▶ **Problem to work on**:
Restate the data word for word and leave the images out.

Data excerpts
------------------------------------------------------------
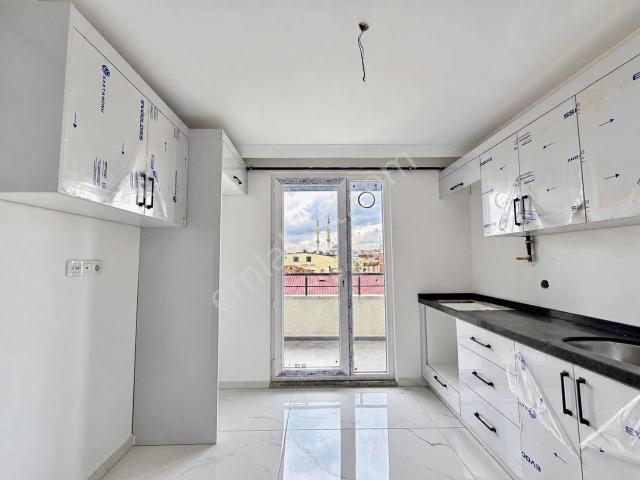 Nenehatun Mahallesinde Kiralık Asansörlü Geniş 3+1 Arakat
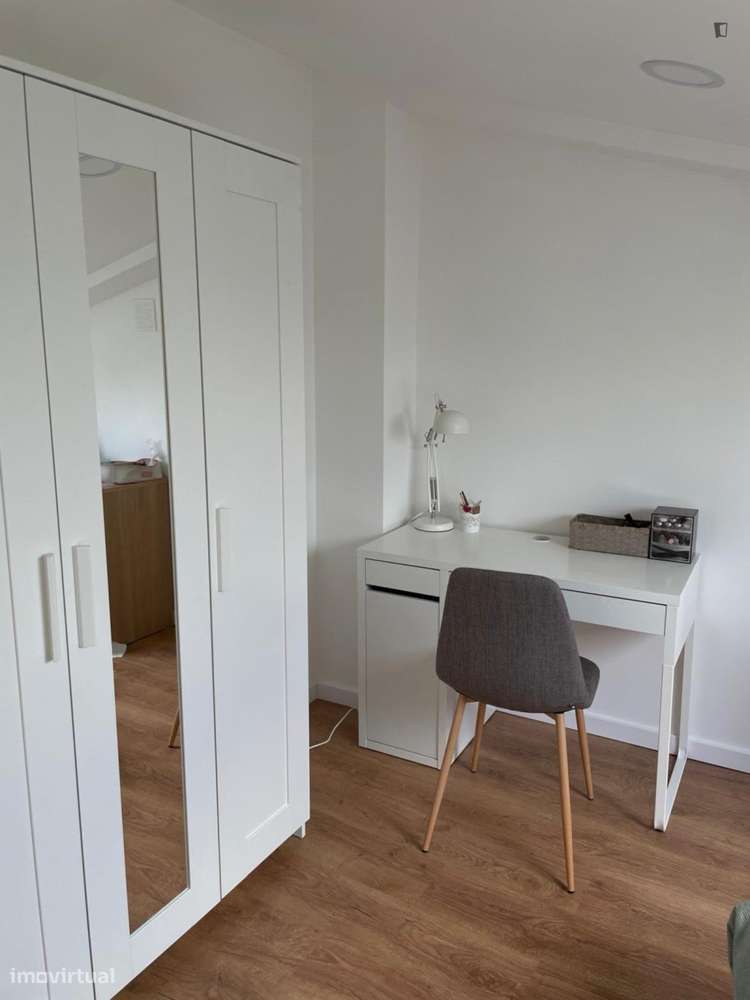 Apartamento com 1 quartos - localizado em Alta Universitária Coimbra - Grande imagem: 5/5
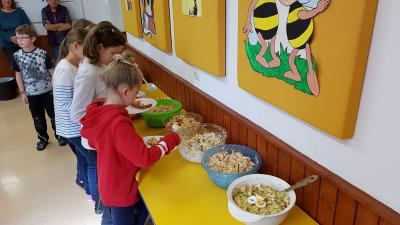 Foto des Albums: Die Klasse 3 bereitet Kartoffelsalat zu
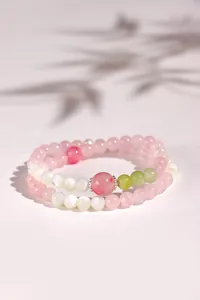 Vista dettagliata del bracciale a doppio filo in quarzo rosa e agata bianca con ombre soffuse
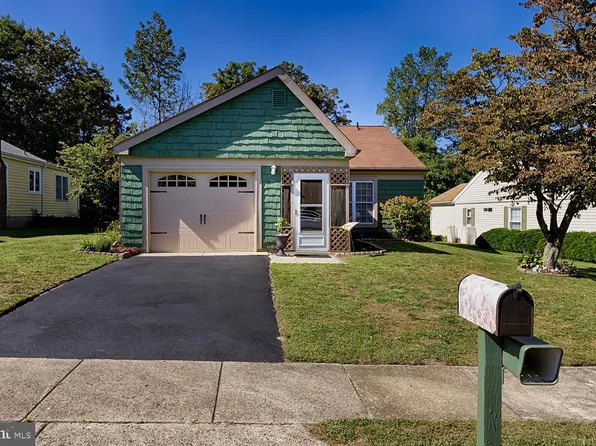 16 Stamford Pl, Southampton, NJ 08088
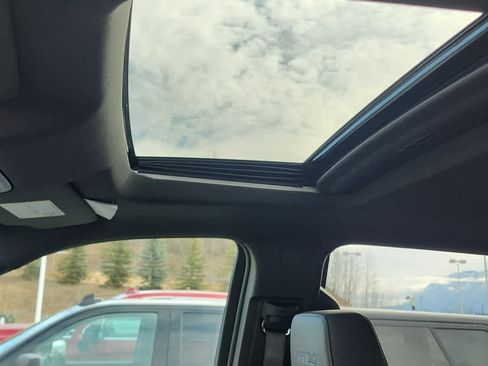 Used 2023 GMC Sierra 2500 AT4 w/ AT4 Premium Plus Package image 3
------------------------------------------------------------
▶ **Reply to the task**:
 Nenehatun Mahallesinde Kiralık Asansörlü Geniş 3+1 Arakat
 Apartamento com 1 quartos - localizado em Alta Universitária Coimbra - Grande imagem: 5/5
 Foto des Albums: Die Klasse 3 bereitet Kartoffelsalat zu
 Vista dettagliata del bracciale a doppio filo in quarzo rosa e agata bianca con ombre soffuse
 16 Stamford Pl, Southampton, NJ 08088
 Used 2023 GMC Sierra 2500 AT4 w/ AT4 Premium Plus Package image 3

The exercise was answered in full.